For any fixed \(y \in {\mathbb {R}}^{n-|I|}\) we receive a subproblem

$$\begin{aligned} (\mathrm{P}_I(y)) \ \ \min \{f(x,y): G(x,y) \le 0, \quad \ x \in {\mathbb {Z}}^{|I|}\} \end{aligned}$$

in which we only determine values for the variables with indices in I. We often write subproblem I referring to the subproblem \(\hbox {P}_I\) determined by the variables in set I.

In the blockwise coordinate descent method we iteratively solve a sequence of such subproblems. To this end, denote the family of all subsets of \(\{1,\ldots , n\}\) by \({\mathcal {P}}(\{1,2,\ldots ,n\})\) and let

$$\begin{aligned} I_1,I_2,\ldots ,I_p \in {{\mathcal {P}}}(\{1,2,\ldots ,n\}) \end{aligned}$$

be the indices of the variables of the respective p subproblems. We require that every variable appears in at least one of the subproblems, i.e., \(\bigcup _{j=1,\ldots ,p} I_j = \{1,\ldots ,n\}\). We write \({\mathfrak {J}}:=\{I_1,\ldots ,I_p\}\) for the set of subproblems to be considered. Note that \({\mathfrak {J}}\) is a cover of \(\{1,\ldots ,n\}\). Let \(n_j:=|I_j|\) be the number of variables of subproblem j.

In order to simplify notation, we use the index j instead of the subproblem \(I_j\) and formulate the subproblem \(\mathrm {P}_{I_j}\) in which the variables from \(I_j^C\) are fixed and we only determine new values for the variables in \(I_j\) as

$$\begin{aligned} (\mathrm{P}_j(x_{-j})) \ \ \min \{f(x_{+j},x_{-j}): G(x_{+j},x_{-j}) \le 0, \quad \ x_{+j} \in {\mathbb {Z}}^{n_j} \}, \end{aligned}$$

where

$$\begin{aligned} \text{ P }_j:= & {} \text{ P }_{I_j} \text{ is } \text{ the } \text{ subproblem } \text{ with } \text{ variables } \text{ only } \text{ in } I_j,\\ x_{+j}:= & {} x_{I_j} =(x_i: i \in I_j) \in {\mathbb {R}}^{n_j} \ \text{ is } \text{ its } \text{ set } \text{ of } \text{ variables, } \text{ and }\\ x_{-j}:= & {} x_{I^C_j} =(x_i: i \not \in I_j) \in {\mathbb {R}}^{n-n_j} \text{ are } \text{ the } \text{ remaining } \text{ variables. } \end{aligned}$$

The blockwise coordinate descent method can then be formulated as follows.

figure a

We call a complete execution of the For-loop a round and the single execution of Steps 1 and 2 an iteration. When nothing else is mentioned, we use the following stopping criterion: We terminate if in one round all problems \(I_1,\ldots ,I_p\) have been executed without an improvement in the objective function.

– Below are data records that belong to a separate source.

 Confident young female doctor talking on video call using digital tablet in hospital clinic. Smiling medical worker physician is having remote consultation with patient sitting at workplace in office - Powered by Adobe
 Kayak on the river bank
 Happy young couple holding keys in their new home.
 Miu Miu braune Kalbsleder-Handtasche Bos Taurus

As an illustration we use the planning process in public transportation. Here, one looks for a line plan, a timetable, and schedules for the vehicles covering all trips. Usually, this is done sequentially: First, the line planning problem is solved, then a timetable is determined and finally the vehicle schedules are planned. But why should one stop here? One could now fix the vehicle schedule and the timetable and try to improve the line plan, then fix the line plan and the vehicle schedule and improve the timetable, and then improve the vehicle schedule while the other two plans are fixed, see Fig. 5. This is described in more detail in Sect. 6.

3 Properties of the sequence

We denote by \(x^{(k)}\) the solution at the end of the k-th iteration of Algorithm BCD.

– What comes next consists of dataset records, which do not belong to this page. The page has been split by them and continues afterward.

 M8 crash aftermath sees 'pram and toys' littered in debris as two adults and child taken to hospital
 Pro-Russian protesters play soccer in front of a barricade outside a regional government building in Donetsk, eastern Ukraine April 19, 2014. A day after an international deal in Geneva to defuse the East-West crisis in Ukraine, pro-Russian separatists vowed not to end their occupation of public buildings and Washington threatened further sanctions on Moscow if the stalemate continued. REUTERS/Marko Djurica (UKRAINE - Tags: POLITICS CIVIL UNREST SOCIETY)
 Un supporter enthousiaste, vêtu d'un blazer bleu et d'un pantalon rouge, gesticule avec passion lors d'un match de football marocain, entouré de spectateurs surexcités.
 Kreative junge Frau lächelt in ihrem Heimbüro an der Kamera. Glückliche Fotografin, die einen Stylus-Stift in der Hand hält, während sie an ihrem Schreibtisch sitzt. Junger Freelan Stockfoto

3.1 Existence of optimal solutions in the subproblems

Since the solution \(x^{(k)}\) of iteration k is a feasible solution to \(\text{ P }_j(x^{(k)}_{-j})\) for all \(j=1,\ldots ,p\), all subproblems occurring during the blockwise coordinate descent have a feasible solution if the starting solution \(x^{(0)}\) is feasible for \({\mathrm {P}}\). However, if \({\mathfrak {X}}\) is an unbounded set it might happen that some of the problems \(\mathrm {P}_j(x)\) are unbounded and hence admit no optimal solution. We investigate this case for integer linear programs.

Lemma 1

Let \({\mathrm {P}}\) be an integer linear program with rational data, i.e., \(\min \{c^{\mathrm {T}} x \mid A x = b,\ x \in {\mathbb {Z}}_{\ge 0}\}\) with \(A \in {\mathbb {Q}}^{m \times n}\), \(b \in {\mathbb {Q}}^m\), and \(c \in {\mathbb {Q}}^n\). Let \(j \in \{1,\cdots ,p\}\), and let \(x, y \in {\mathfrak {X}}\) such that \({\mathrm {P}}_j(x_{-j})\) and \({\mathrm {P}}_j(y_{-j})\) are feasible. Then \({\mathrm {P}}_j(x_{-j})\) is unbounded if and only if \({\mathrm {P}}_j(y_{-j})\) is unbounded.

Proof

Suppose that \({\mathrm {P}}_j(y_{-j})\) is unbounded. Then also its LP relaxation is unbounded. By the decomposition theorem for polyhedra (Minkowski’s theorem, see, e.g., Nemhauser and Wolsey 1988), its feasible region can be written as \({{\,\mathrm{conv}\,}}(\{v^{(1)}, \cdots , v^{(g)}\}) + {{\,\mathrm{conic}\,}}(\{r^{(1)}, \cdots , r^{(h)}\})\) for some \(v^{(1)}, \cdots , v^{(g)}, r^{(1)}, \cdots , r^{(h)} \in {\mathbb {R}}^{n_j}\), and \(c_{j}^t r^{(k)} < 0\) for some \(k \in \{1,\cdots ,h\}\). The vector \(((r^{(k)})^{{\mathrm {T}}}, 0_{-j}^{{\mathrm {T}}})^{{\mathrm {T}}}\) lies in the recession cone (see, e.g., Rockafellar 1970) of the LP relaxation of \({\mathrm {P}}\), so \(r^{(k)}\) lies in the recession cone of the LP relaxation of \({\mathrm {P}}_j(x_{-j})\), i.e., of the convex hull of the feasible region of \({\mathrm {P}}_j(x_{-j})\). As \(r^{(k)}\) has a negative objective value, the latter is unbounded, so the problem \({\mathrm {P}}_{j}(x_{-j})\) must be unbounded as well. \(\square \)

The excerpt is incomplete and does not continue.